- You Left a Job and a Retirement Plan Behind
Your 401(k) or 403(b) is an employer-sponsored retirement plan. You could just leave it there BUT eventually it could get out of whack. Also, when you leave your employer, you can’t sock any more into it. In some cases, you could cash it out, but you’ll most likely get hit with taxes and penalties. The last and probably best option is to either move it into a 401(k) with your new employer or an IRA with a local advisor. With this choice you will have many more choices to invest into.

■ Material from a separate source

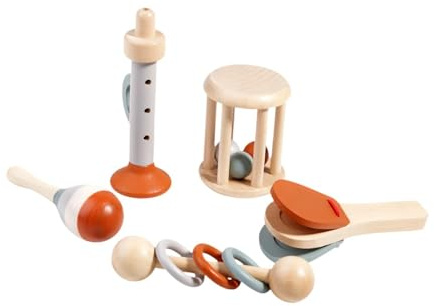 Sharplace Jouets en bois pour bébé, 5 pièces, hochets, mouvement Maracas, jouets musicaux Montessori pour bébés garçons et filles âgés de 6 à 12 mois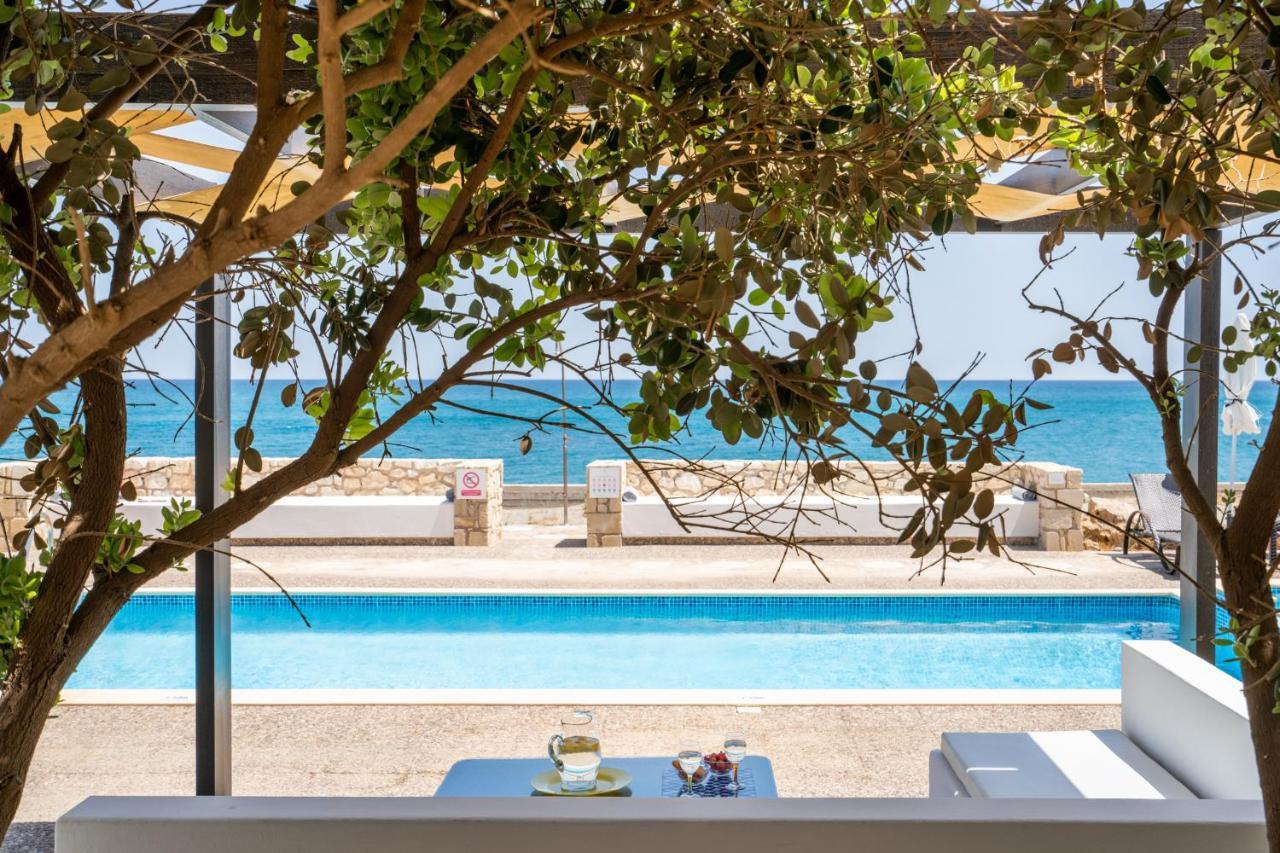 Beachfront Villa Turquoise With Private Pool, Bbq And Ping Pong Table Chania  Exteriér fotografie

- You May Be Getting Hosed
If moving your investments will lower your fees, it’s probably a good idea. For a digital adviser, the management fee (the amount that adviser charges you) should be well below 1% per year of your assets under management. For example, our digital program, Sustainfolio, charges a flat 1/2 of 1% annual management fee or 0.50%. For a more personal advisor like Sustainvest Asset Management, you still pay below 1.00% AND have a person to chat with regarding financial planning and investing the way you want. Many people don’t realize that they are paying their finance person in some cases 1.50% or close to 2% annually and well, that’s just plain old ridiculous. Remember 1.50% is 50% higher than 1.00%!
- One Word.
One word. Consolidation. You wouldn’t keep different items of clothing in different closets would you? No. It’s too much of a pain to dig around. Consolidating your investments into one place can help you wrap your mind around your finances and enjoy other things in life (disclaimer: we use Charles Schwab and Co. as our custodian for client portfolios). A healthy investment portfolio can have stocks and bonds, and funds, etc. If your investments are managed in different places, they might accidentally start to overlap too much, especially as the markets change.
At Sustainvest and Sustainfolio, accounts are rebalanced whenever the asset allocation gets off-kilter. We make sure the amount of risk you’re taking is right for your specific goals and your specific timeline.
- You’re Getting Near Those Golden Years
You can’t keep money in a tax-advantaged retirement account forever. The tax man wants his part eventually. Once you reach a certain age, you have to start making withdrawals. These are called RMD’s or required minimum distributions, and if you don’t take them on time, you’ll get hit with a big penalty. If you have an old, forgotten 401(k) from a previous employer (it happens) — or even just many different accounts all spread out — it could be easier to accidentally miss one.
- You’re Out of Options
Not everybody offers the investment options you want. If you’re interested in investing in sustainable investing (ESG), then move to the firm that specializes in this (like Sustainvest!). Don’t stick with the local broker because they seem nice. The planet and future generations are counting on you.
6. You Want to Work with a Single Human
If you’ve got a lot going on with your finances, you probably have more than one financial advisor. But this can start to cost you, in extra fees and extra time. The digital platform may not be the full service you need and so working with a registered investment advisor (RIA) who holds the fiduciary standard and isn’t incentivized to push annuities or insurance products could eliminate that uncertainty about what you are paying for.